Throw in a tornado and you’ve got yourself some proof that Mother Nature is angry, hungry, hung over, irritated with the performance of her stock portfolio or frustrated with a husband that hasn’t come home yet.
Which got me thinking about what hail really is because let’s face it, if hail is frozen rain, then how many rain drops have you seen that are the size of a baseball?
And what I discovered is that hail forms when updrafts in thunderstorms carry raindrops upward into extremely cold areas of the atmosphere where they freeze into ice. Which makes sense, but how do they get so big?
They get that big because thunderstorms with strong updrafts keep lifting the hailstones up to the top of the cloud over and over where they encounter more super cooled water and continue to grow; kind of like your waistline when you repeatedly hoist Twinkies, Sweet Tarts and a Big Gulp to your mouth throughout an evening of channel surfing.
The hail then drops out of the sky and toward your Cadillac when the thunderstorm’s updraft can no longer support the weight of the ice or if the updraft weakens. So the stronger the updraft, which begins at ground level and sweeps strongly upward into the clouds, the larger the hailstone can grow.
This means that hailstones can have layers like an onion if they travel up and down in an updraft and therefore you can tell how many times they’ve zoomed to the top by counting the layers. Plus, hailstones can melt a little and then refreeze together, forming very large, weird looking shapes. So the next time you see a hailstone that looks like a profile of Kim Kardashian, George Washington, Abe Lincoln or Jay Leno, realize that it’s just one of those freak things of nature.
Of course, there are things you can do to protect yourself from the negative effects of a hailstorm, which includes getting to know the approaching signs, such as very dark clouds, thunder, lightning, heavy rainfall and a wind strong enough to send your neighbor’s dog flying by your kitchen window.
Prepare a storm kit, make sure everyone in the family knows where it is and put a flashlight, battery-operated radio, fresh batteries, candles, waterproof matches, emergency contacts numbers and maybe a SPAM sandwich inside.
Trim your trees to make sure there aren’t any branches that could fall on your house in high winds.

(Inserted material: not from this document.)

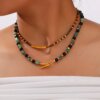 Natural agate turquoise necklace titanium steel 14k gold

Check your roof for any damage that will make it more susceptible to a hail storm. Clear leaves and other debris from gutters and drainpipes so water can drain quickly, close all windows and external doors if you see a storm approaching and pull your curtains shut to protect yourself against shards of glass flying at you like the knives and forks your wife throws during an argument.

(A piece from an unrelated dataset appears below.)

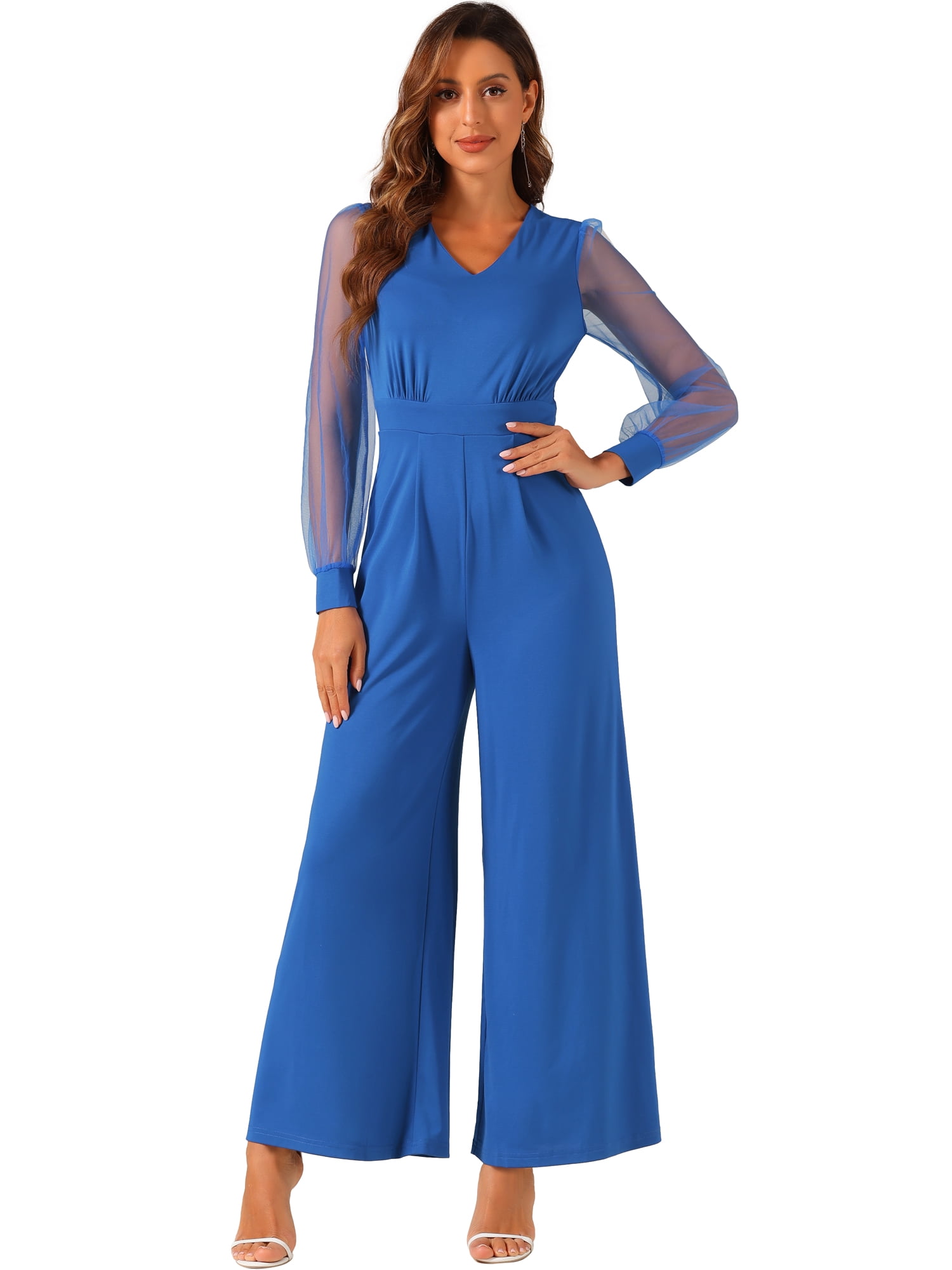 lace jumpsuits rompers Women deep v long sleeve shorts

Pull cars, boats and RVs into a covered area, and store your lawn and patio furniture, garbage cans and other large objects that could join your neighbor’s dog in a quick flight around the neighborhood.
Because you see, the formation of hail isn’t all that simple and protecting yourself from its effects takes discipline. Nor is hail related to the “the Hail Mary” pass, which is an expression that dates back to the 1930s when it was used by Elmer Layden and Jim Crowley, two running backs on Notre Dame’s then-powerhouse football team.
Originally the “Hail Mary” meant any sort of desperation play. But it gradually came to be known as a long, low-percentage pass, across at least half of the football field, with, for more than 40 years, its use being confined mostly to Notre Dame and other Catholic universities.
The term then became widespread after Dallas Cowboys quarterback Roger Staubach, a Roman Catholic, said this about his miraculous, game-winning touchdown pass in a 1975 playoff game against the Minnesota Vikings, “I closed my eyes and said a ‘Hail Mary.’”
This somehow reminds me of the time former President Lyndon Johnson told Richard Nixon that being the president was a little like being a jackass caught in a hail storm. “Because you’ve just got to stand there and take it.”
And that’s what Viking fans had to do in 1975; sit/stand there and take it. But at least they didn’t have to dodge baseball-sized hail.
Holten is a freelance columnist and cartoonist from Dickinson.